┌─ Records for the exercise

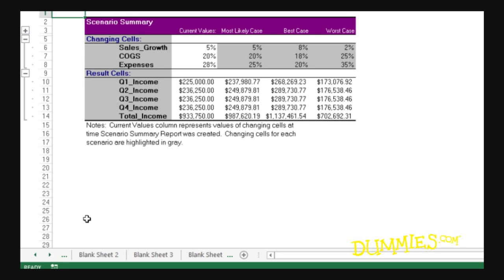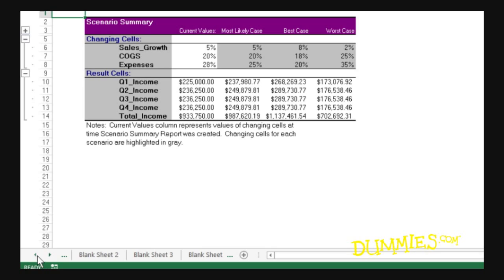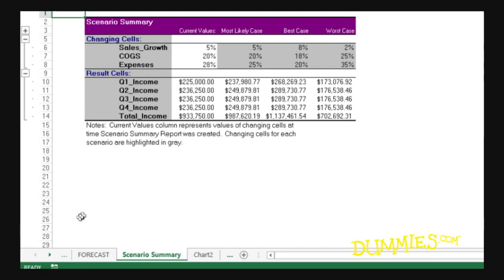Click the Previous Tab Scroll button with the triangle pointing left to bring the next unseen tab of the sheet on the left into view. Hold down the Shift key while you click this button to scroll several tabs at a time. Hold down the Ctrl key when you click this button to bring the first group of sheet tabs, including the very first tab, into view.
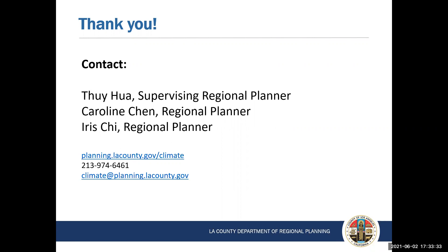We hope that this presentation provided useful information that heightens your awareness of vulnerabilities and adaptation. We ask that you start collecting your stories and observations about how climate change is impacting your community. We also invite you to join our adaptation workshop in July and let us know how we can play a role in increasing your community's resilience. If you would like to find out more information about the safety element update, please visit our website at planning.lacounty.gov.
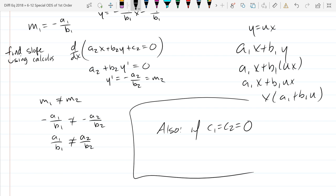There's a big overlap between the different types of ODEs. Some linear ODEs, if constants are zero, are also homogeneous, and you can choose which way to solve them. A big part of this class is determining what type of ODE you have — is it homogeneous, linear, or separable? Those are the three types you know now. You look at the ODE and choose your approach — the type determines how you solve it.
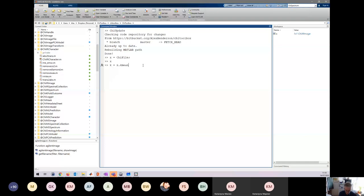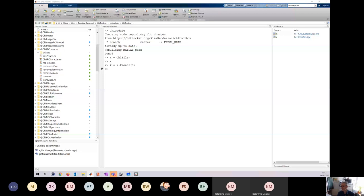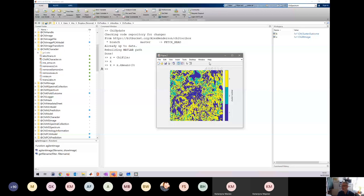We say x.kmeans and, as was mentioned, we need to say how many classes — let's say three. There's no semicolon so it outputs. That's doing k-means clustering on that image. And there it is — that was nice. We have other things: you can remove wax by chopping out a region, or go from transmittance to absorbance. There's the k-means image. That's produced a cluster outcome because it's the result of a clustering experiment.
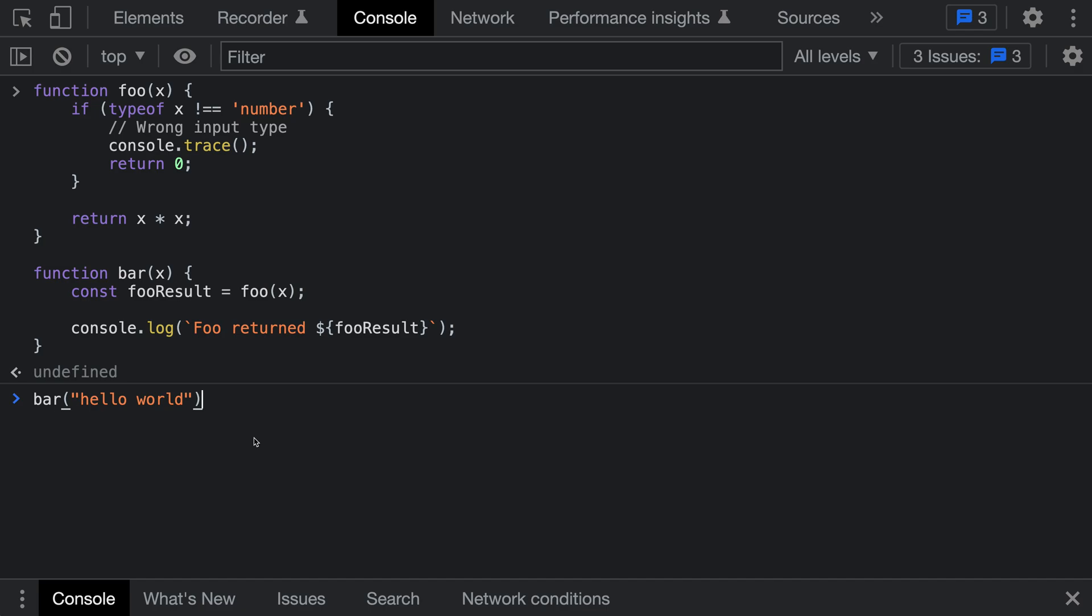Console.trace prints out a stack trace when it's called. This can be useful when debugging JavaScript as it lets you see all the callers leading up to that point in the program.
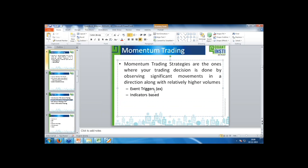Most conventional momentum trading strategies have been based on indicators. A lot of new-age momentum trading strategies are also based on event triggers. Earlier, a corporate action or company news would prompt a trader to read it and take action, expecting some momentum to be picked up in the stock. But these days you have machine-readable news where the machine does it for you — the decision-making is much faster, automated, and can scan through thousands of stocks.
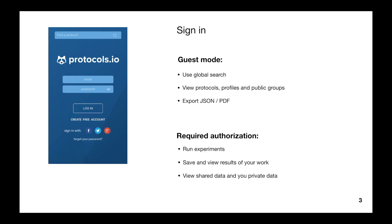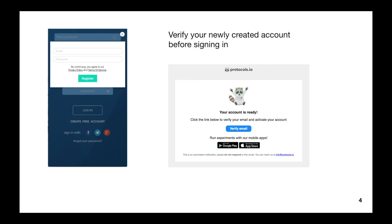When you just install the app, on the first screen you see a login form. For non-logged-in users, we allow searching data and viewing user profiles and public groups. But if you want to run an experiment or comment on any protocol, you should create an account — it's free. When you create an account, you have to verify it via a received email before signing in. You can also sign in via social networks or use an already created account.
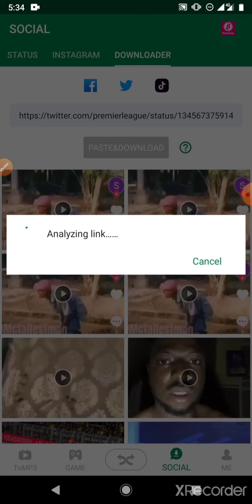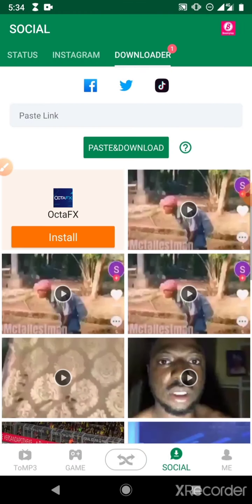Let's give it a minute. It's downloading. That was already done.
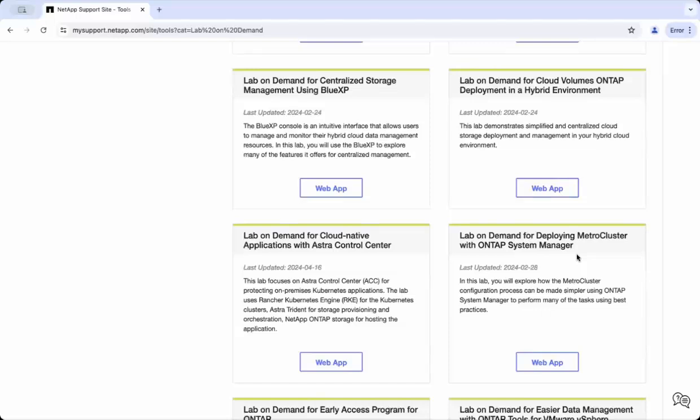This lab will help you explore how the Metro Cluster configuration process can be made simpler with ONTAP System Manager. After finalizing this lab, click on the web app link.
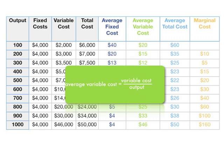Average variable cost is variable cost divided by output. So it's $3,000 divided by $200, which is $15.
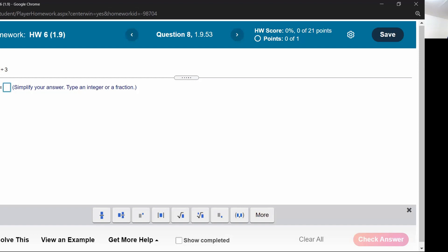What this means is that we have three copies of negative two multiplied together. With three negatives, two of them cancel out and we're just left with one negative, making that overall part negative. Two times two times two is eight, so we have negative eight.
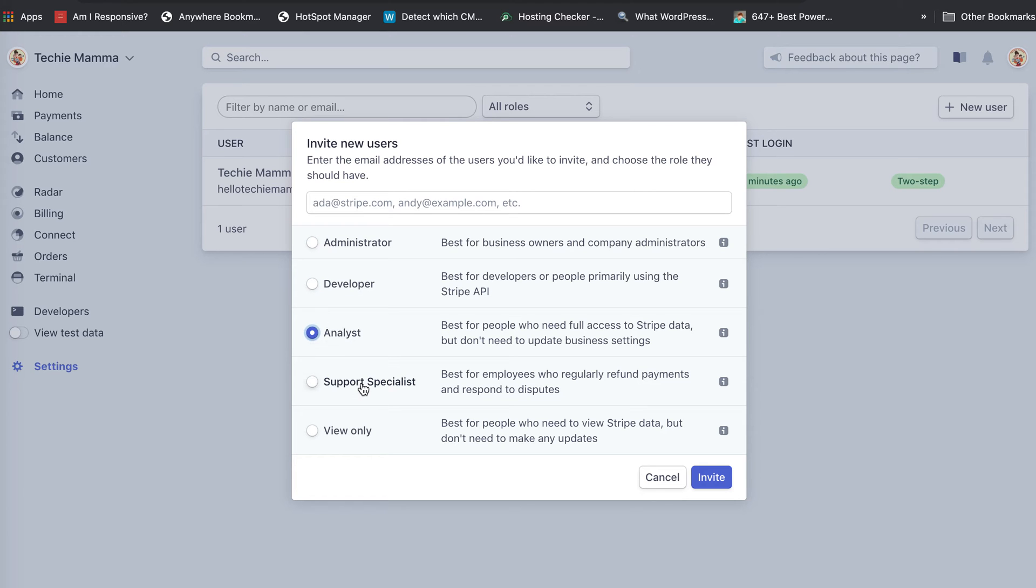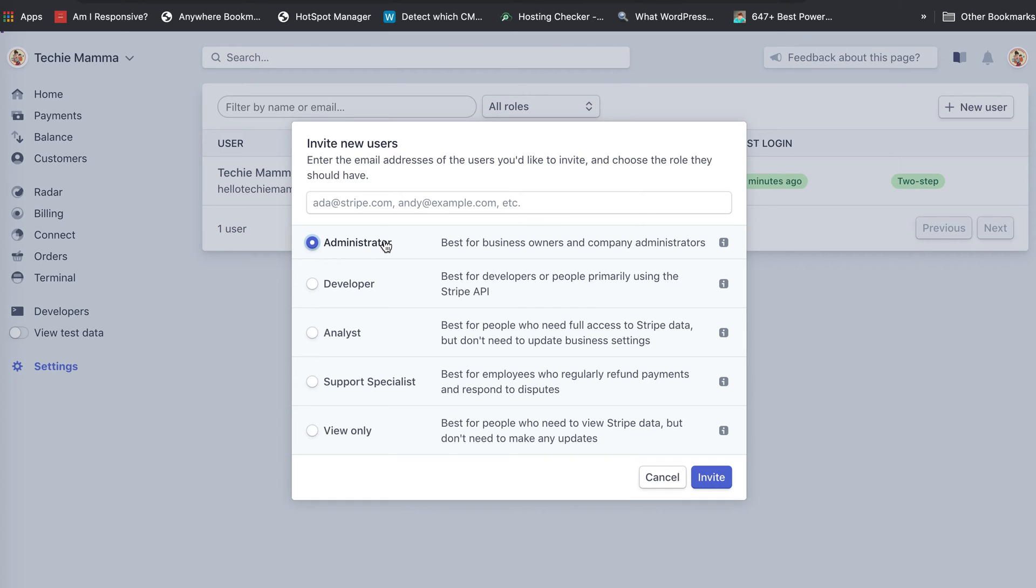analyst, support specialist, or view only. In order for someone like me to be able to do the work needed in WordPress to connect Stripe, you need to set them up at least as a developer or an administrator.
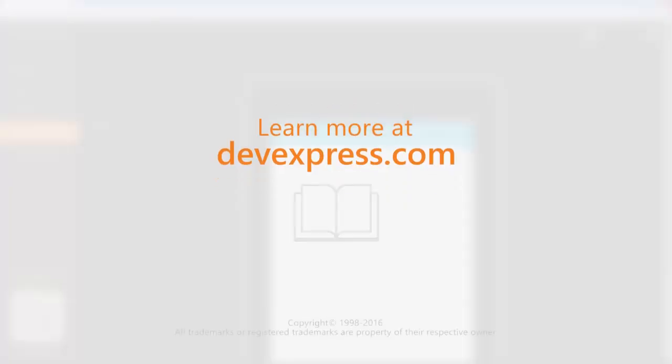And that's it. To learn more about DevExtreme widgets and how to customize them, please refer to the documentation on our website. Thanks for watching and thank you for choosing DevExpress. I'll see you next time.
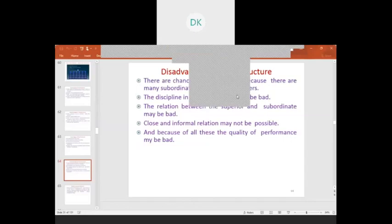These are the two topics presented: one is departmentation and the second one is span of control, which comes under unit number three. Thank you.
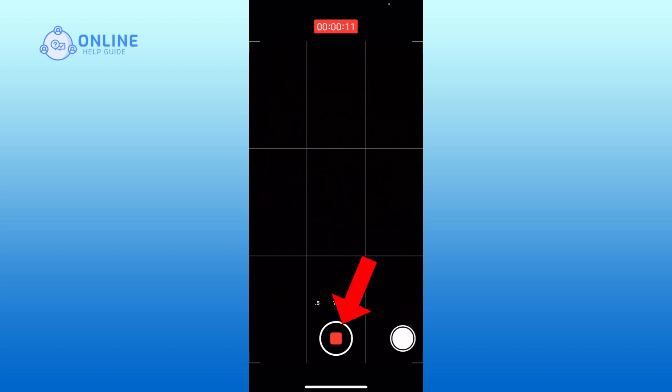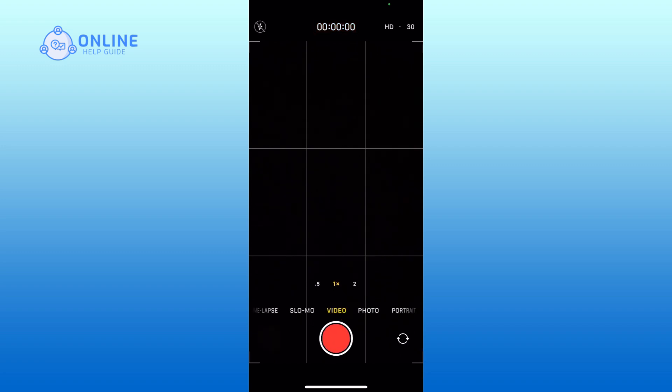Finally, tap the red button again to stop the recording. Your video will be saved automatically in the Photos app. And this is how you can record videos on iPhone.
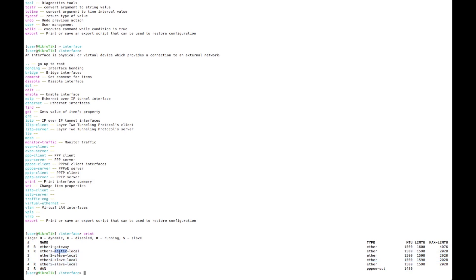Master local means that on this interface we can configure some services such as a DHCP server and others. Go back.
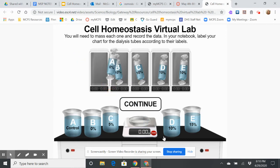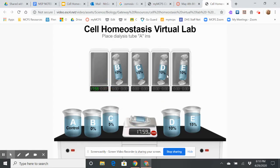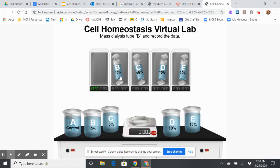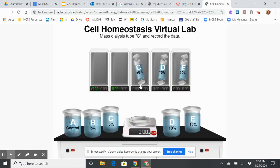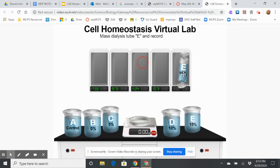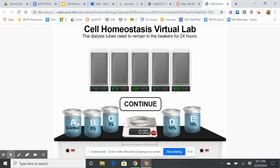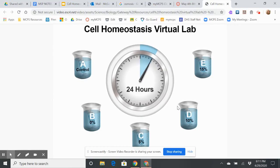I need to mass each dialysis tube first. I'm going to put each one on the scale and record its mass, then place it into the corresponding beaker. All of the dialysis tubes had 10% sugar solutions in them, except for the control, which had 0%. Now while the dialysis tube is sitting in these different beakers of water and sugar, the water is going to move in and out. The sugar is not actually going to move.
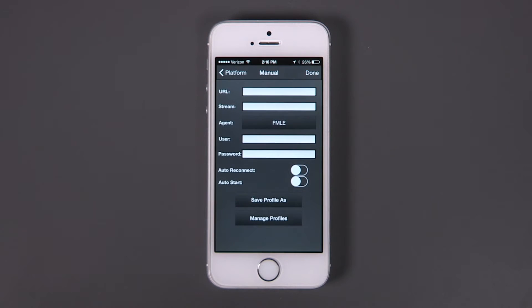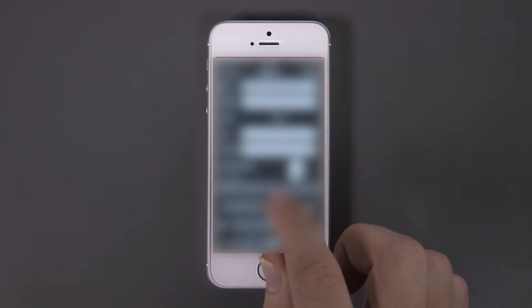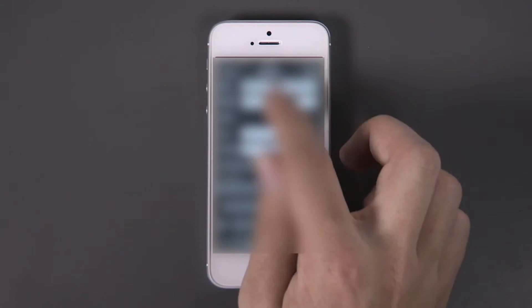Enter the RTMP URL provided by the streaming service, which in this case is DeCast. Then enter the stream information. If needed, you can simply copy and paste this information.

└─

From the first line to the last, retype the data exactly, without images.

Click the Previous Tab Scroll button with the triangle pointing left to bring the next unseen tab of the sheet on the left into view. Hold down the Shift key while you click this button to scroll several tabs at a time. Hold down the Ctrl key when you click this button to bring the first group of sheet tabs, including the very first tab, into view.
We hope that this presentation provided useful information that heightens your awareness of vulnerabilities and adaptation. We ask that you start collecting your stories and observations about how climate change is impacting your community. We also invite you to join our adaptation workshop in July and let us know how we can play a role in increasing your community's resilience. If you would like to find out more information about the safety element update, please visit our website at planning.lacounty.gov.
There's a big overlap between the different types of ODEs. Some linear ODEs, if constants are zero, are also homogeneous, and you can choose which way to solve them. A big part of this class is determining what type of ODE you have — is it homogeneous, linear, or separable? Those are the three types you know now. You look at the ODE and choose your approach — the type determines how you solve it.
We say x.kmeans and, as was mentioned, we need to say how many classes — let's say three. There's no semicolon so it outputs. That's doing k-means clustering on that image. And there it is — that was nice. We have other things: you can remove wax by chopping out a region, or go from transmittance to absorbance. There's the k-means image. That's produced a cluster outcome because it's the result of a clustering experiment.
Console.trace prints out a stack trace when it's called. This can be useful when debugging JavaScript as it lets you see all the callers leading up to that point in the program.
Most conventional momentum trading strategies have been based on indicators. A lot of new-age momentum trading strategies are also based on event triggers. Earlier, a corporate action or company news would prompt a trader to read it and take action, expecting some momentum to be picked up in the stock. But these days you have machine-readable news where the machine does it for you — the decision-making is much faster, automated, and can scan through thousands of stocks.
When you just install the app, on the first screen you see a login form. For non-logged-in users, we allow searching data and viewing user profiles and public groups. But if you want to run an experiment or comment on any protocol, you should create an account — it's free. When you create an account, you have to verify it via a received email before signing in. You can also sign in via social networks or use an already created account.
Let's give it a minute. It's downloading. That was already done.
This lab will help you explore how the Metro Cluster configuration process can be made simpler with ONTAP System Manager. After finalizing this lab, click on the web app link.
Average variable cost is variable cost divided by output. So it's $3,000 divided by $200, which is $15.
What this means is that we have three copies of negative two multiplied together. With three negatives, two of them cancel out and we're just left with one negative, making that overall part negative. Two times two times two is eight, so we have negative eight.
analyst, support specialist, or view only. In order for someone like me to be able to do the work needed in WordPress to connect Stripe, you need to set them up at least as a developer or an administrator.
And that's it. To learn more about DevExtreme widgets and how to customize them, please refer to the documentation on our website. Thanks for watching and thank you for choosing DevExpress. I'll see you next time.
These are the two topics presented: one is departmentation and the second one is span of control, which comes under unit number three. Thank you.
Finally, tap the red button again to stop the recording. Your video will be saved automatically in the Photos app. And this is how you can record videos on iPhone.
Master local means that on this interface we can configure some services such as a DHCP server and others. Go back.
I need to mass each dialysis tube first. I'm going to put each one on the scale and record its mass, then place it into the corresponding beaker. All of the dialysis tubes had 10% sugar solutions in them, except for the control, which had 0%. Now while the dialysis tube is sitting in these different beakers of water and sugar, the water is going to move in and out. The sugar is not actually going to move.
Enter the RTMP URL provided by the streaming service, which in this case is DeCast. Then enter the stream information. If needed, you can simply copy and paste this information.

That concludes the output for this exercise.